---------- Input data
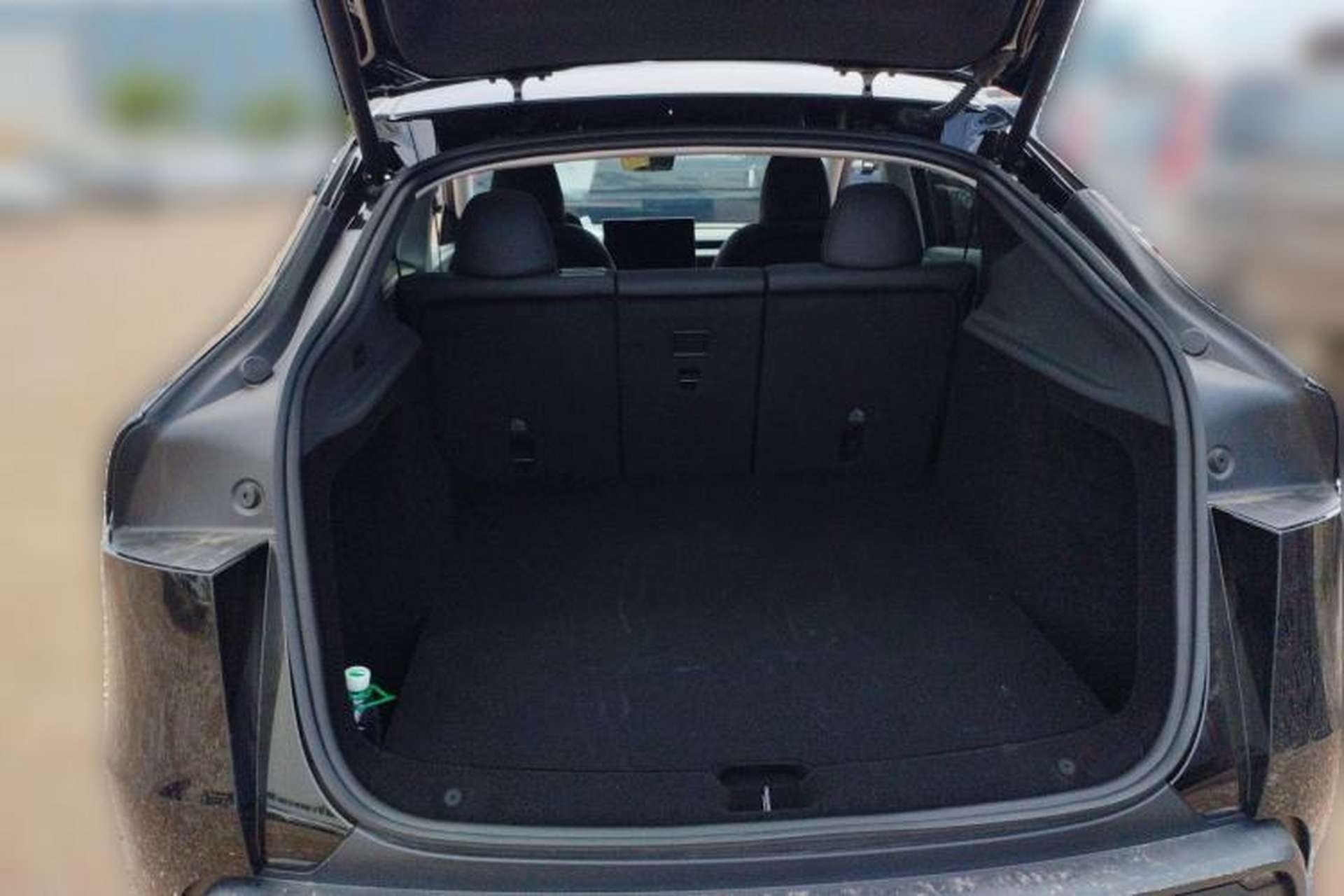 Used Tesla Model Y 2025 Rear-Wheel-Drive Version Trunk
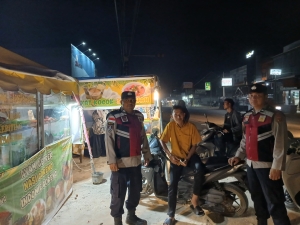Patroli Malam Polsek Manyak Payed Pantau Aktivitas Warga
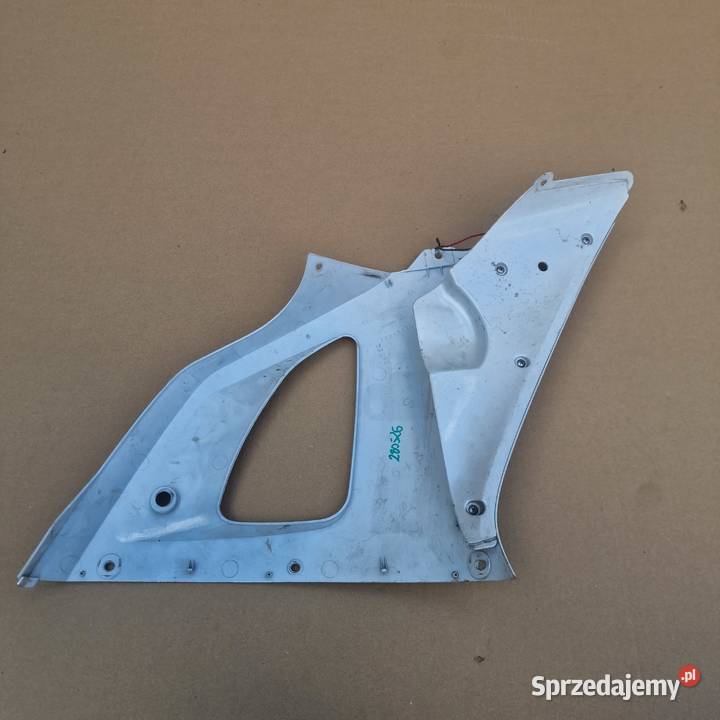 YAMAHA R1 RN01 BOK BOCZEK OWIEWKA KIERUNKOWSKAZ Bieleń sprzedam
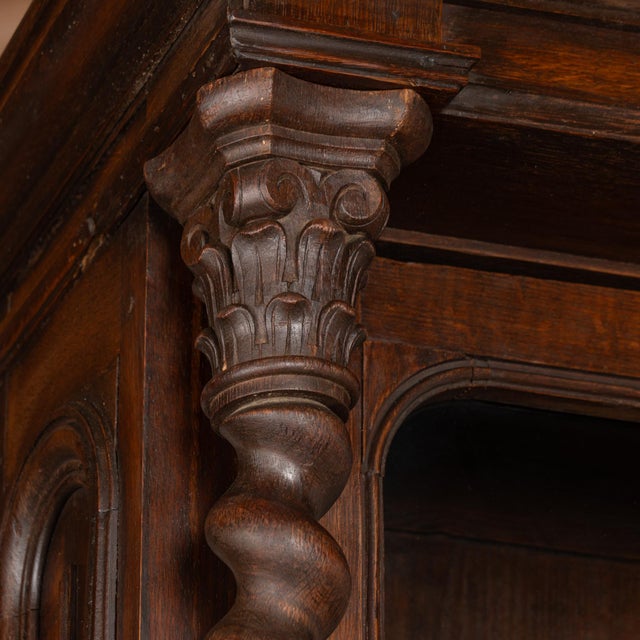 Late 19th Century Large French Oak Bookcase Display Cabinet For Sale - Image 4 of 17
--------------------
**Exercise goal**
Your answer must be the full listing, copied exactly, with no pictures in it.

**Expected answer**
 Used Tesla Model Y 2025 Rear-Wheel-Drive Version Trunk
Patroli Malam Polsek Manyak Payed Pantau Aktivitas Warga
 YAMAHA R1 RN01 BOK BOCZEK OWIEWKA KIERUNKOWSKAZ Bieleń sprzedam
 Late 19th Century Large French Oak Bookcase Display Cabinet For Sale - Image 4 of 17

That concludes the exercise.